00:23:12.340 In investigating memory models, we aim to establish formal rules and guidelines to ensure consistency across Ruby implementations while addressing current challenges.
00:23:25.340 Another inquiry pertained to passing data into native libraries, such as whether copying data is required under native calls. Yes, that’s an anticipated issue we’re actively examining.
00:23:39.340 We analyze how to optimize data passing for various libraries to minimize overhead while ensuring reliability.
00:23:53.220 Questions arose about the results presented based on normalized warm code. Indeed, warm-up is necessary for JIT compilation to reach effective runtime performance.
00:24:07.500 With JRuby + Truffle, we intentionally favor a start-up time trade-off, allowing more extended periods for optimizations, which will yield better performance overall.

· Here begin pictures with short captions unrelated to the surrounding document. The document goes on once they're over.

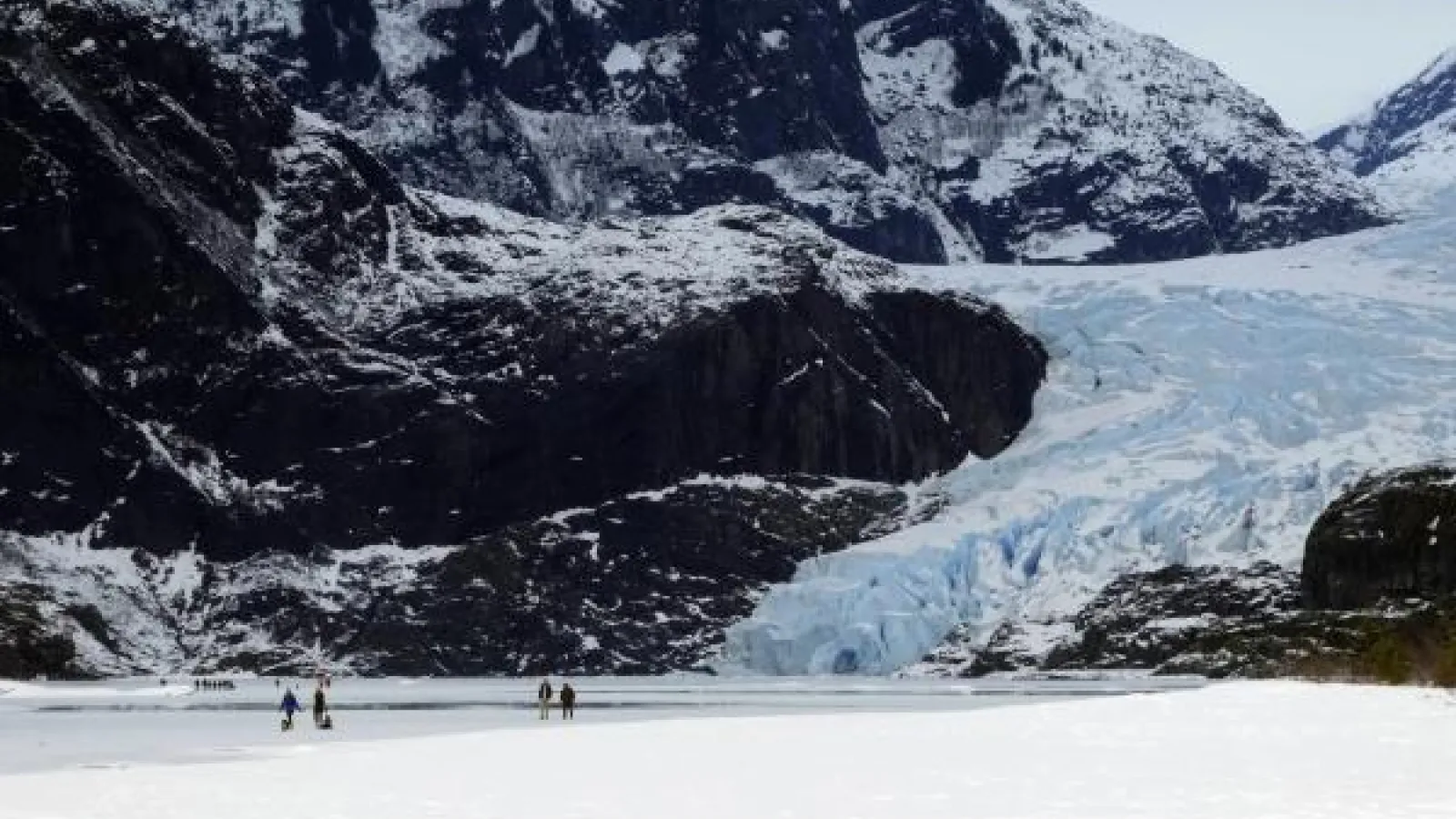 FILE - People walk on a frozen Mendenhall Lake, with Mendenhall Glacier in the background, Feb. 18, 2024, in Juneau, Alaska. A new study says the melting of Alaska’s Juneau icefield, home to more than 1,000 glaciers, is accelerating. Becky Bohrer/AP.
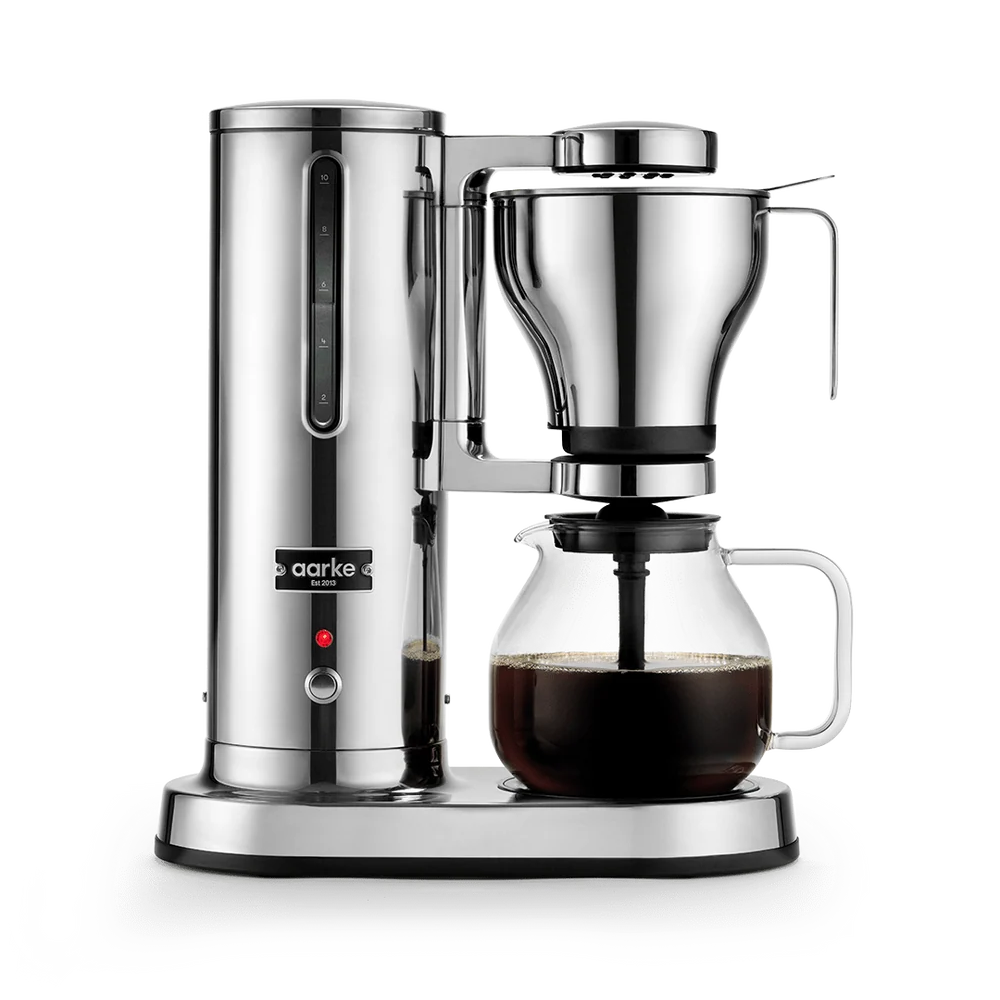 A sleek aarke coffee maker with a polished stainless steel body, a clear glass carafe containing dark coffee, and a matching glass dripper, shown on a clean white background.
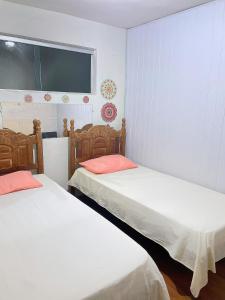a room with two beds and a window at Hostel Diamante in Diamantina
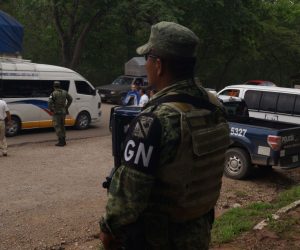 epa07653041 National Guard troops stand guard on the roads of Comitan de Dominguez, state of Chiapas, Mexico, 16 June 2019. Military officers with National Guard badges started monitoring several points and roads and trails in the highlands of the state of Chiapas a night earlier in search of migrants.  EPA/Carlos Lopez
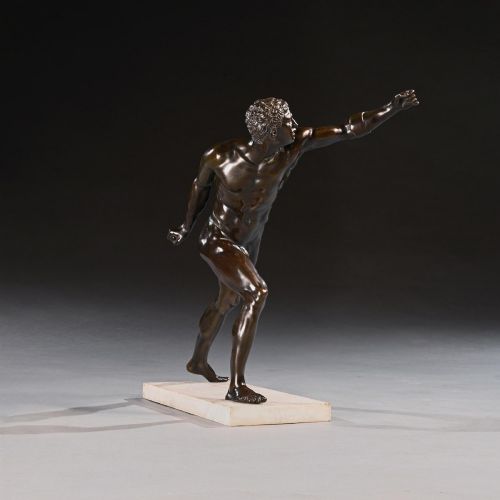 fig 3. A 19th-century patinated bronze sculpture depicting the Borghese Gladiator in a dynamic lunging pose, mounted on a light-coloured marble base.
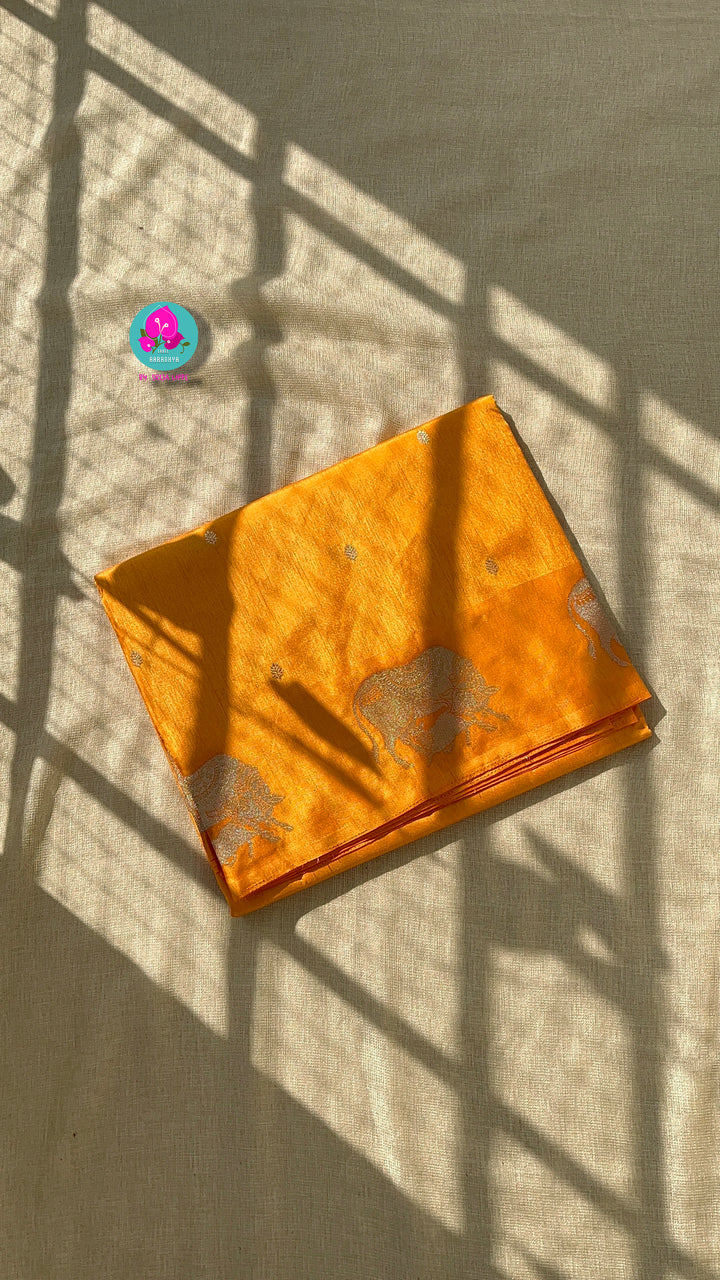 Benarasi semi raw mango silk saree with Khamdhenu weave in Tangerine color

00:24:19.180 We are also developing ahead-of-time compilation solutions to bridge the gap for developers needing quickly deployed applications.
00:24:34.710 In terms of memory usage, it's challenging to provide exact figures without running typical applications. We anticipate that while JRuby + Truffle may be heavier at first glance, the long-run performance benefits will outweigh initial loads.
00:24:52.900 For optimal performance, deploying JRuby + Truffle on a powerful server that can service multiple clients efficiently could offer substantial benefits, especially when optimizations are integrated.
00:25:05.790 In summary, COVID-19 C extensions remain a central challenge in optimizing Ruby performance while taking advantage of implemented innovations within JRuby + Truffle.